Sebi also ordered PW Bangalore and its two erstwhile partners to disgorge wrongful gains of Rs13.09 crore with an interest of 12 per cent per annum from 7 January 2009, till the date of payment.
The market regulator's order comes after nine years after the accounting fraud at Satyam - regarded as India's biggest corporate fraud - came to light and after two failed attempts by audit major Price Waterhouse to settle the case through the consent mechanism.
This is also one of the most stringent orders passed by any regulator against a Big Four audit firm.
''Entities / firms practicing as chartered accountants in India under the brand and banner of PW shall not directly or indirectly issue any certificate of audit of listed companies, compliance of obligations of listed companies and intermediaries registered with Sebi ... for a period of two years," Sebi whole-time member G Mahalingam said in a late night order on Wednesday.
Any enforcement measure taken by Sebi with a preventive and remedial object, as envisaged under Section 11B of the Sebi Act, would not serve the purpose unless the directions bring within its fold the PW network operating in India. The objective of insulating the securities market from such fraudulent accounting practices perpetrated by an international firm of repute will be ineffective if the directions do not bring within its sweep the brand name PW," Sebi said in a 108-page order.
"The network structure of operation adopted by the international accounting firm should not be used as a shield to avoid legal implications arising out of the certifications issued under the brand name of the network," it added.
Besides, Price Waterhouse Bangalore and its two erstwhile partners - S Gopalakrishnan and Srinivas Talluri - have been directed to jointly and severally disgorge the wrongful gains of ''Rs 13,09,01,664 with interest calculated at the rate of 12 per cent per annum from January 7, 2009 till the date of payment''.
Price Waterhouse said in a statement, ''We are disappointed with the findings of the Sebi investigations and the adjudication order … we are confident of getting a stay before this order becomes effective.''
Sebi noted that the order would not impact audit assignments relating to the financial year 2017-18 undertaken by the firms forming part of the PW network.
Gopalakrishnan and Talluri have been restrained from directly or indirectly issuing any certificate of audit of listed companies, compliance of obligations of listed companies and intermediaries registered with Sebi for three years.

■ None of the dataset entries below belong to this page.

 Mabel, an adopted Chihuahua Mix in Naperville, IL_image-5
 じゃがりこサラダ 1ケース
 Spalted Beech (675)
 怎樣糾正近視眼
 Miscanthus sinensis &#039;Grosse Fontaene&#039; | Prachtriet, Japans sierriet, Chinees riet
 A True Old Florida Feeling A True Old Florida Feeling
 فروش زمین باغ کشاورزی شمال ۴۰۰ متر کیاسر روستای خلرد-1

After consent pleas were rejected, PW had approached the Supreme Court challenging Sebi's jurisdiction over auditors. The apex court had asked the regulator to expeditiously pass an order in the matter after giving due opportunity, including access to documents, to the parties concerned.

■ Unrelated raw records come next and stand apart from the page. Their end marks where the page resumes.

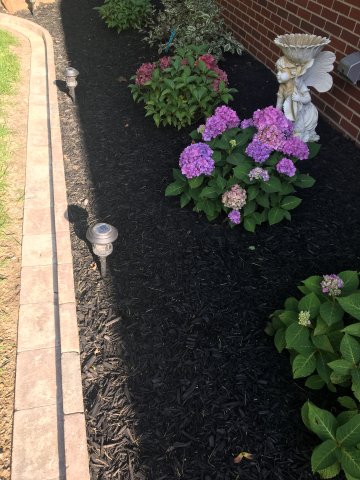 Daisy Landscape - Fire Pits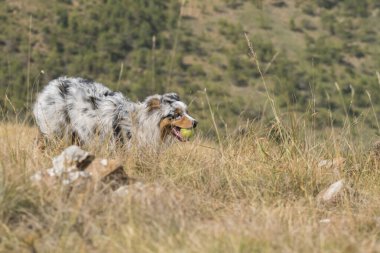 Piedmont 'ta ağzında tenis topuyla çayırda koşan mavi merle Avusturalya çoban köpeği.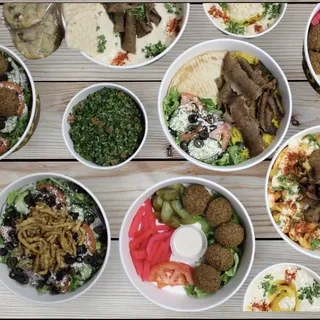 Gyro Plate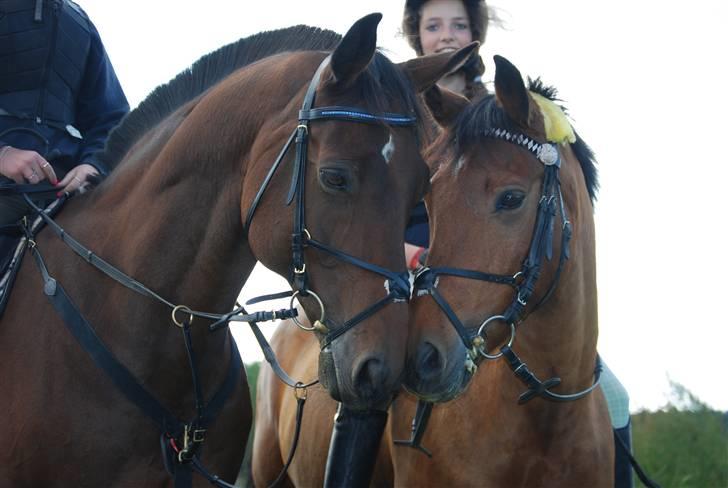 Dansk Varmblod Leroux' farvelminengel <3 - Fordi du var den bedste hest ! <3 billede 16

Matters related to Satyam were also looked into by US regulators as the company shares were listed there. However, the authorities there agreed to settle case.

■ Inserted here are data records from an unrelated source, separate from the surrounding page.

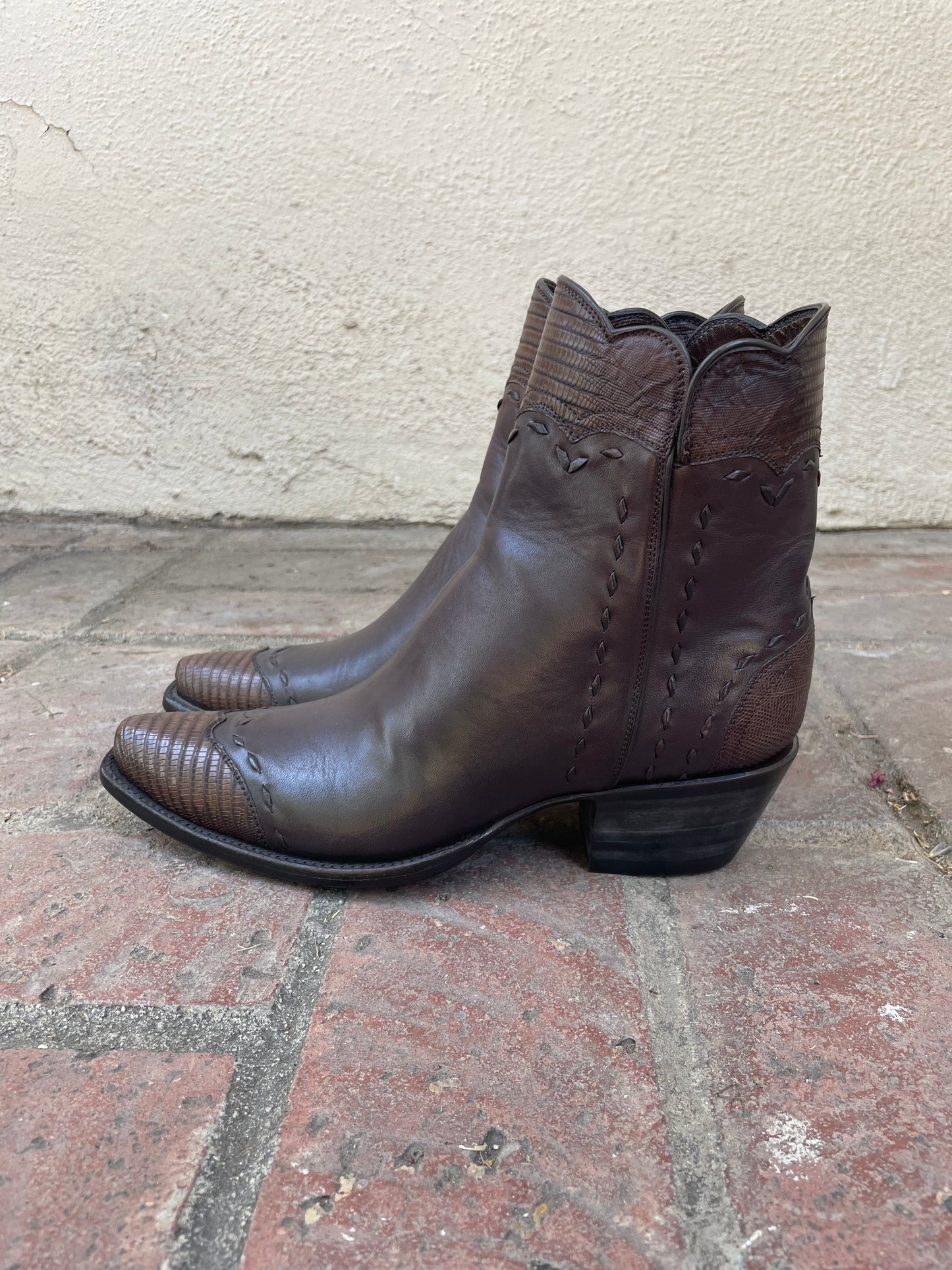 Cheval With Teju Lizard Zip in Chocolate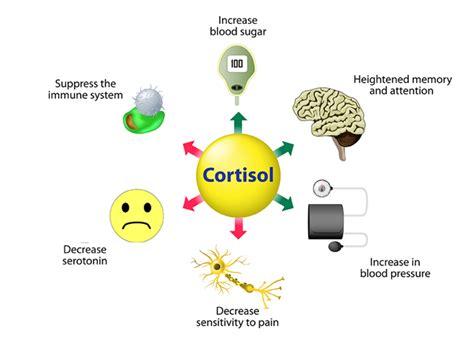 How Insulin And Cortisol Affect Your Body Girls Gone Strong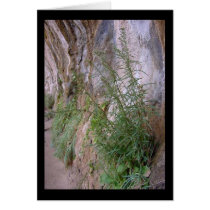 weeping rock wall card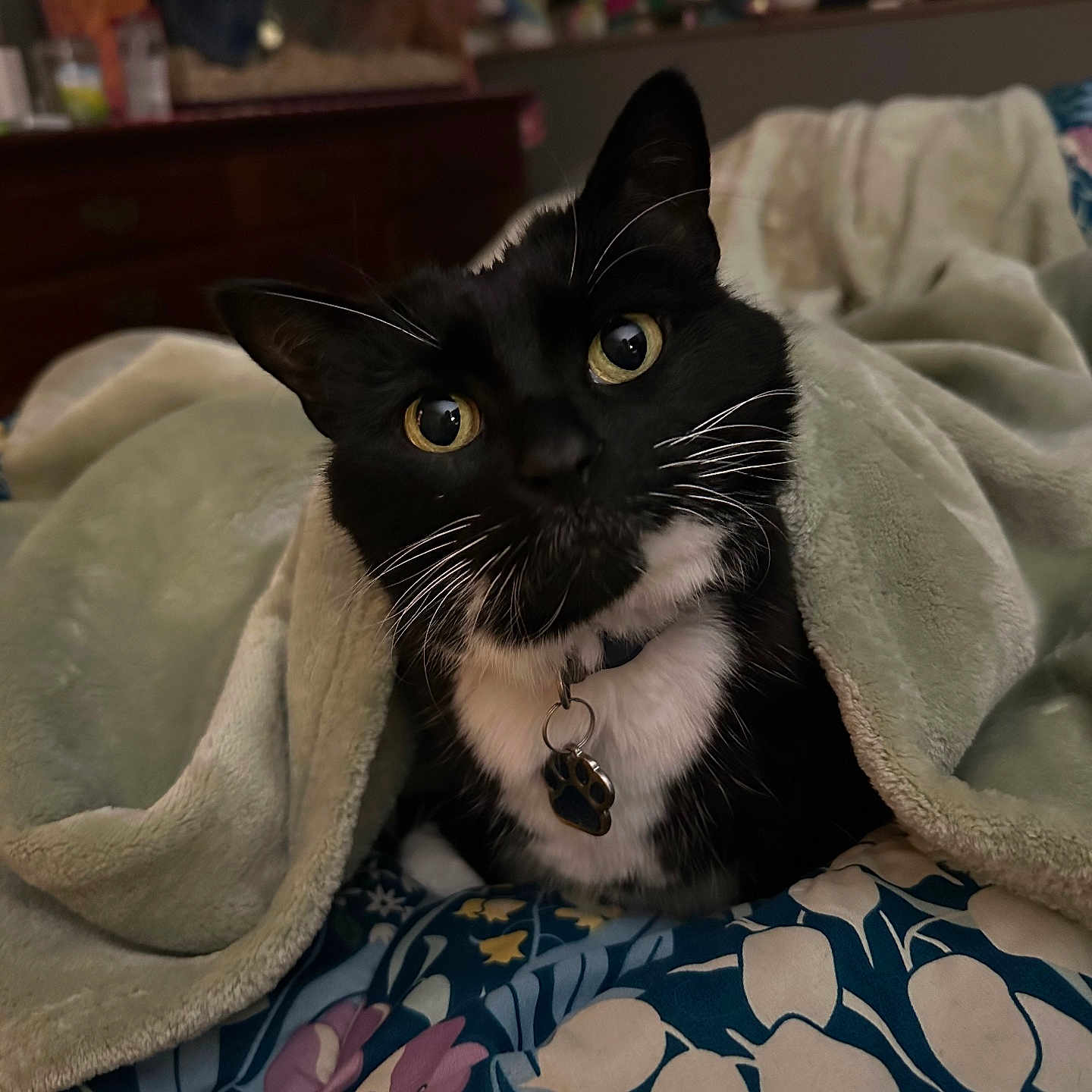 Wiggles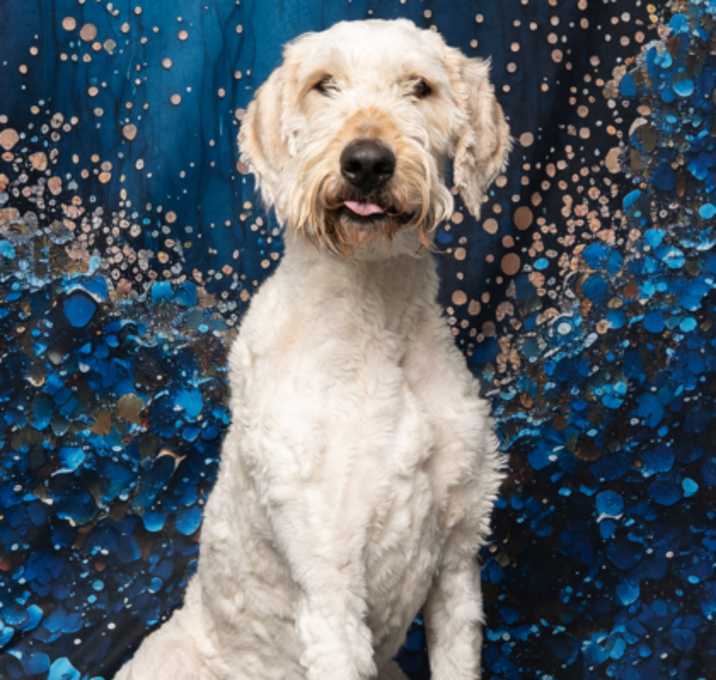 Photo of Butters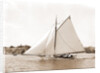 Owl (Yacht) by Anonymous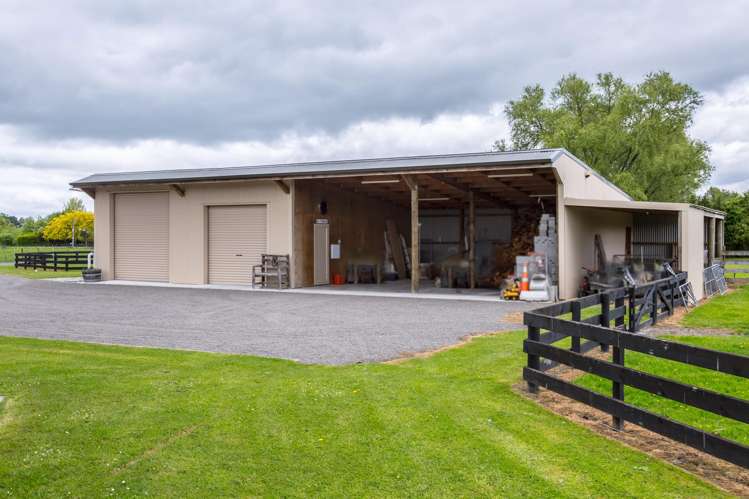 53 Jellicoe Street Greytown_20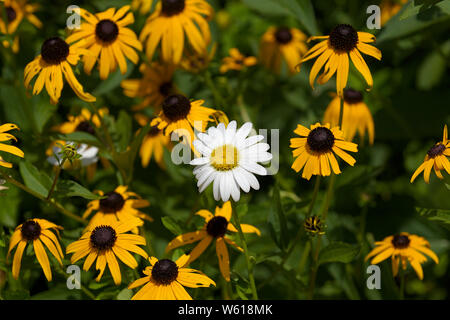 single white daisy among black eyed Daisies Stock Photo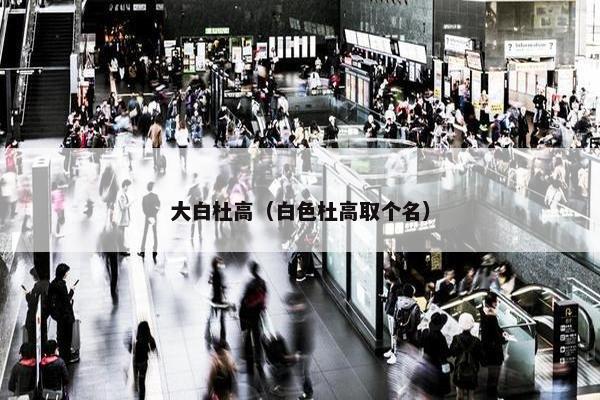 大白杜高（白色杜高取个名）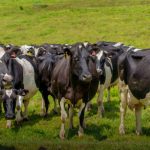 M. Bovis Payouts Conclude A Win for New Zealand Farmers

Sebi said the objective of insulating the securities market from such fraudulent accounting practices perpetrated by an international firm of repute will be ineffective if the directions do not bring within its sweep the brand name PW.
The network structure of operations adopted by the international accounting firm should not be used as a shield to avoid legal implications arising out of certifications issued under the brand name of the network, the order said.
''As we have said since 2009, there has been no intentional wrong doing by PW firms in the unprecedented management-perpetrated fraud at Satyam, nor have we seen any material evidence to the contrary.
''We believe that the order is also not in line with the directions of the Bombay High Court order of 2011 and so we are confident of getting a stay before this order becomes effective,'' Price Waterhouse said in the statement.
It also noted that the order relates to a fraud that took place nearly a decade ago in which it played no part and had no knowledge of.
Further, the statement said that Price Waterhouse Network firms in India has learnt the lessons of Satyam and invested heavily over the last nine years in building a robust and high quality audit practice.
The scam came to light in January 2009 after Satyam Computer's chairman B Ramalinga Raju admitted to large-scale financial manipulations in the company's books of accounts (See: Satyam's Raju admits to fraud and resigns). http://www.domain-b.com/companies/companies_s/Satyam_Computers/20090107_raju_fraud_resigns.html
According to Sebi, it needs to be borne in mind that PW firms have benefited from the relationship from Satyam Computer Services by having collectively received a fee of over Rs23 crore during 2000-2008 period.
Out of this amount, over Rs13 crore was paid towards PW Bangalore for the audit of Satyam Computer Services as submitted by it, the regulator added.
''Given that this remuneration was the identifiable monetary gain made by PW in its association with the audit of SCSL, it is clear that this wrongful gain is liable to be disgorged… the entire gain made from PW's relationship with SCSL shall be treated as wrongful gain liable to be disgorged,'' it said.
The show-cause notices were issued to a total of 13 entities and it was alleged that certifying the financial statements of Satyam Computer Services for the period from 2000 to 2008, they acted in violation of the duties as auditors.